- Problem statement
Extract verbatim every line from the one containing "Yacht Photos Pics" to the final line of the records below, inclusive, and exclude all pictures.

- The data
________

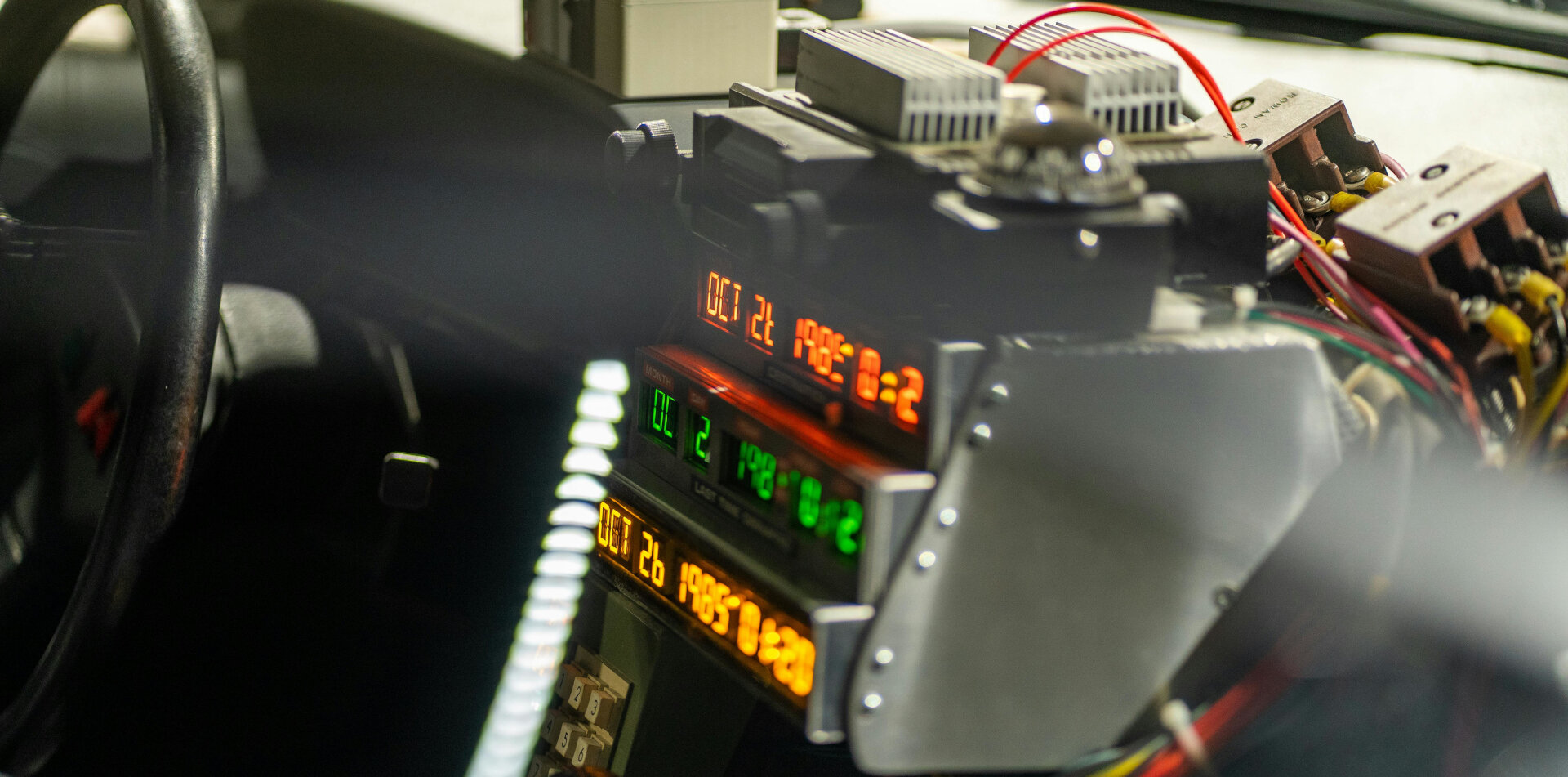 The image shows the interior of a vehicle with a futuristic-looking control panel consisting of several orange and green seven-segment displays arranged one above the other, showing the date and time, flanked by metal plates, switches, cables and connectors, creating the impression of a time travel console.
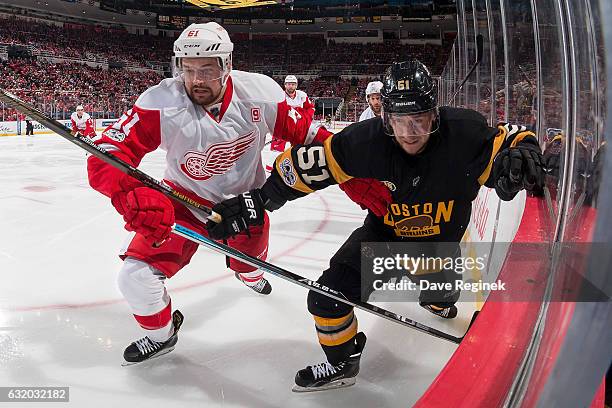 Xavier Ouellet of the Detroit Red Wings battles along the boards with Ryan Spooner of the Boston Bruins during an NHL game at Joe Louis Arena on...
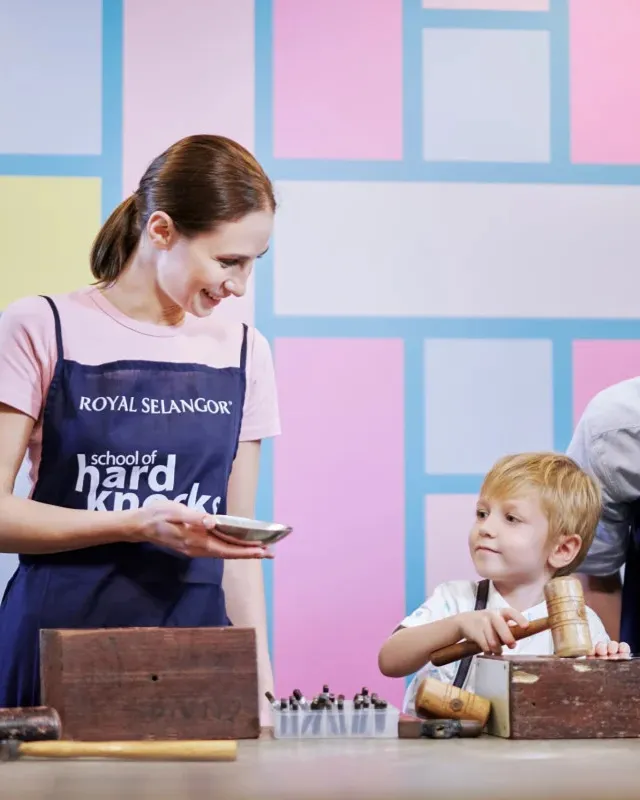 Young girl with backpack walks on dirt path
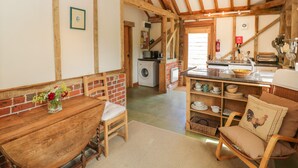 A rustic kitchen with exposed wooden beams, a brick wall, and a wooden dining table with chairs. - Pond View (Fordingbridge)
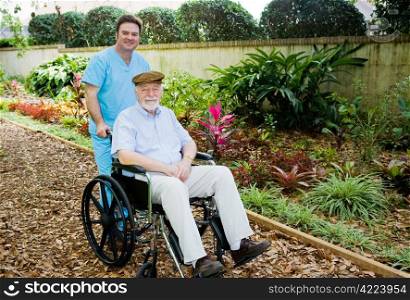 Nursing home orderly takes a senior man for a walk in the garden.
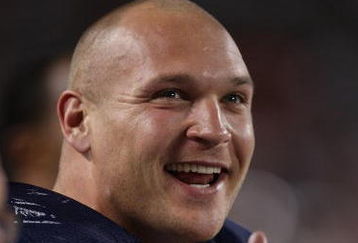 CHICAGO - AUGUST 07: Brian Urlacher #54 of the Chicago Bears enjoys watching his teammates play against the Kansas City Chiefs on August 7, 2008 at Soldier Field in Chicago, Illinois. The Chiefs defeated the Bears 24-20. (Photo by Jonathan Daniel/Getty Images)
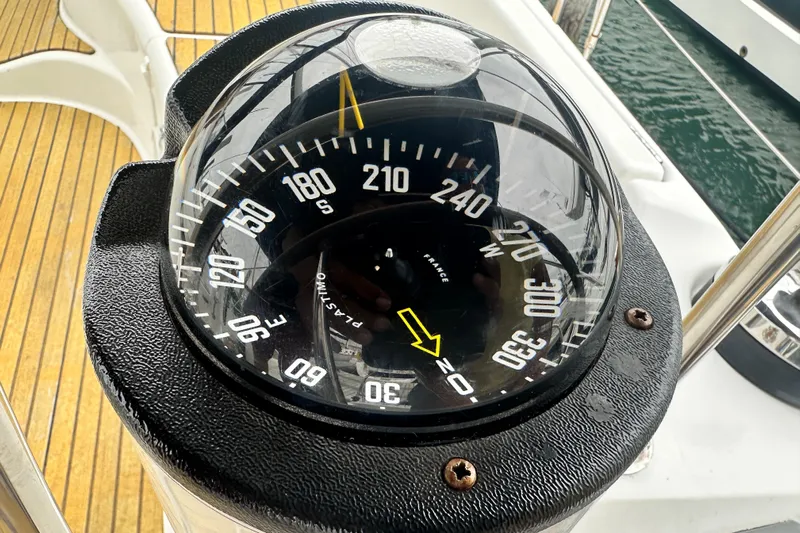  Yacht Photos Pics Compass on Jeanneau Sun Odyssey 42 DS yacht, 2007 model, with wooden deck background.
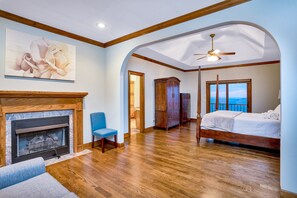A bedroom with a fireplace, a bed, a ceiling fan, and a view through a window.
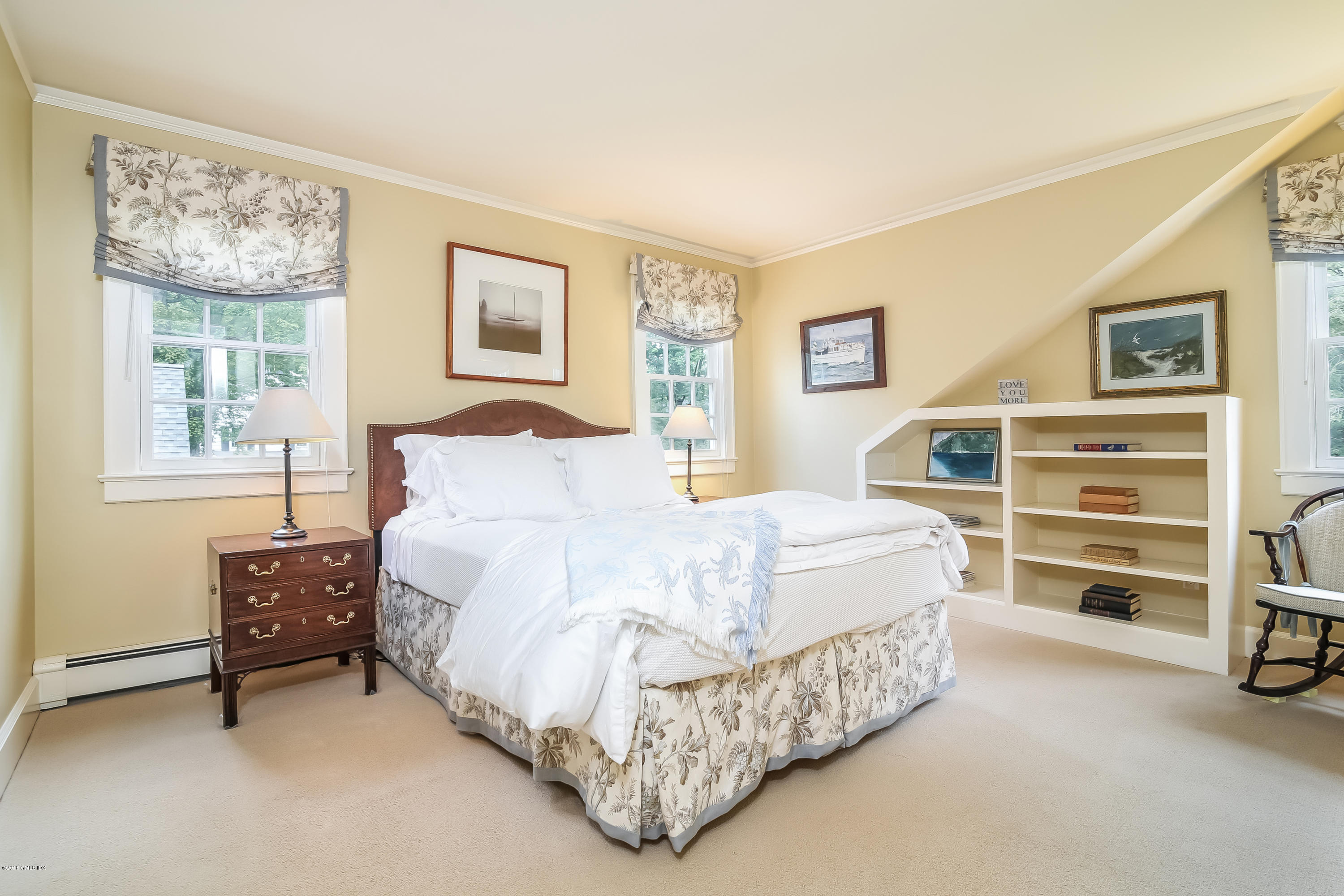 219 Riverside Avenue Riverside, CT 06878 - Photo 32 of 40 a bed sitting in a spacious bedroom next to a window with a dresser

________

- Task result
  Yacht Photos Pics Compass on Jeanneau Sun Odyssey 42 DS yacht, 2007 model, with wooden deck background.
A bedroom with a fireplace, a bed, a ceiling fan, and a view through a window.
 219 Riverside Avenue Riverside, CT 06878 - Photo 32 of 40 a bed sitting in a spacious bedroom next to a window with a dresser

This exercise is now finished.